Yeah, but you still won’t set a date.
My father’s illness and subsequent death gave me a reprieve from talks of a wedding. I’m still mourning, so that’s given me more space, but I know my time is running short. The inevitable discussion is coming. I can feel it, and it’s not unreasonable. Scarlett has been beyond patient, and she deserves the wedding of her dreams. I owe her that much.

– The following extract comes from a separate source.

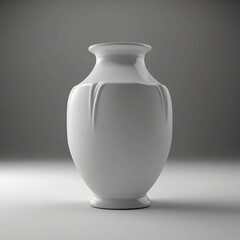 Subject shot of a grey ceramic glossy vase decorated with a glaze.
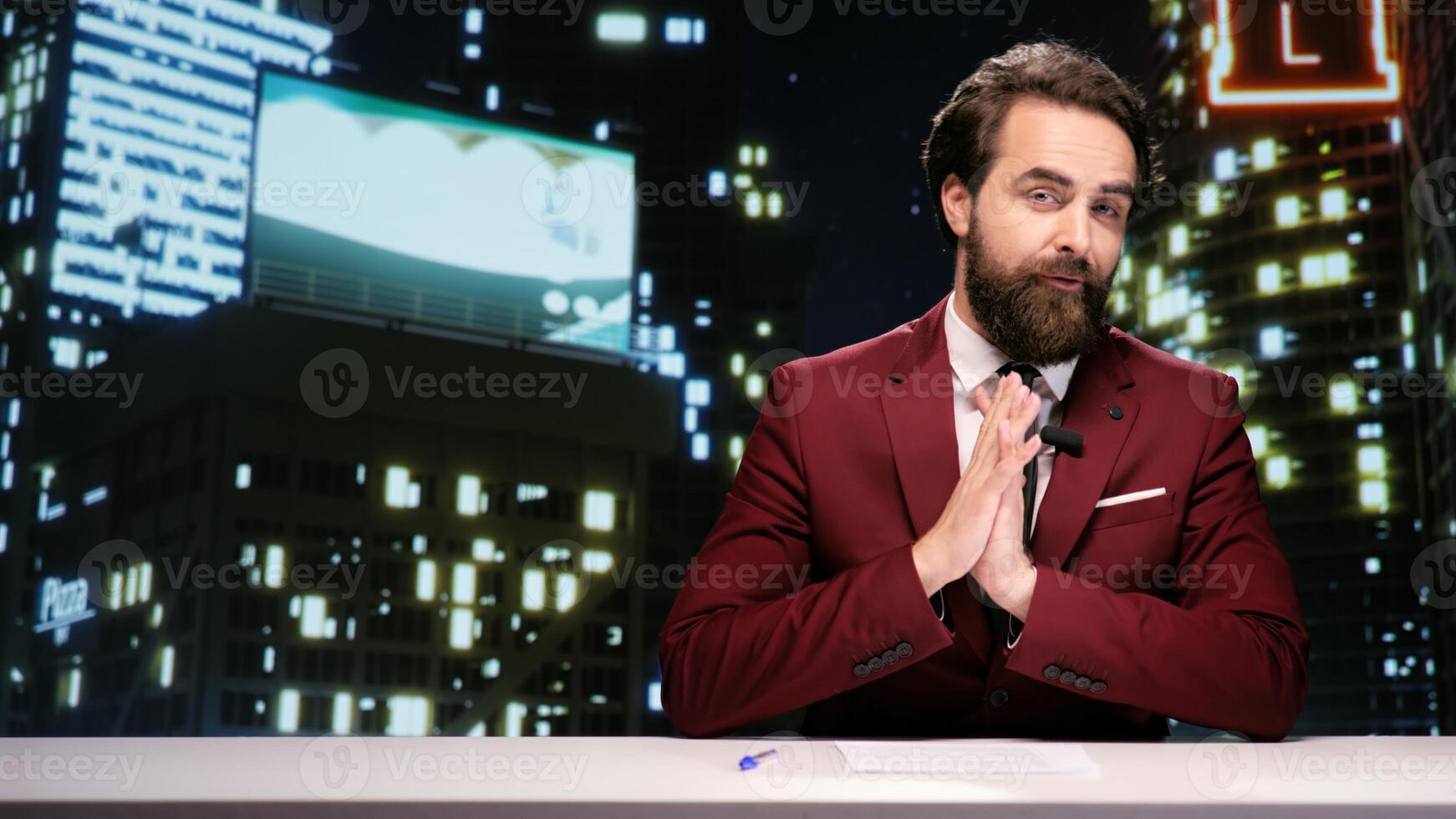 Night tv host presenting daily news late on live tv program, discussing about latest celebrity events. Media presenter addressing important global topics with breaking news, hosting talk show. photo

What she doesn’t deserve is this sudden complication that dropped in my lap. No wonder I felt something familiar about the kid. He looks just like me and my brother. His hair is curlier, and his skin is darker, but the nose is mine. So is the mouth. Even his smile belongs to me. His eyes might not be blue like mine, but they are the same shape. There is no way in hell I can pretend that I didn’t see what I just saw. That’s not how I’m built. Like Donald Paradise, I always do the right thing, but what I don’t understand is why Nia would keep my child from me.
Chapter 4
Nia
I pick up my little man and squeeze him tight. I kiss his cheek and he grins so wide, I see all his teeth. “You be good, okay,” I tell him. “Mommy loves you so much.” I squeeze him again, and he starts to wiggle in my arms, so I put him down. He runs off to join his friends in his daycare classroom. “Be good for Ms. Dot,” I yell after him.
I leave the room, but I watch from the window as he helps a little girl take off her coat. My heart swells at the scene. My little Carter might be tireless and will put up a hell of a fight before he takes a nap or goes to sleep at night, but he’s the sweetest kid I’ve ever known.
He gives random kids at the park his snacks. He even offered to give a little boy in his daycare his shoes because the kid liked them. If he senses anyone close to him is sad or upset, he’ll sing and dance just to get a smile. If that doesn’t work, then he’ll get sad too. He says it’s because he doesn’t want anyone to be sad alone.
The flip side of that sweetness is that he has endless energy and likes to break things. He also loves to climb and do somersaults and cartwheels. He thinks he’s a gymnast, but he’s a tornado in the shape of a three-year-old boy. He exhausts me, and I wouldn’t have it any other way.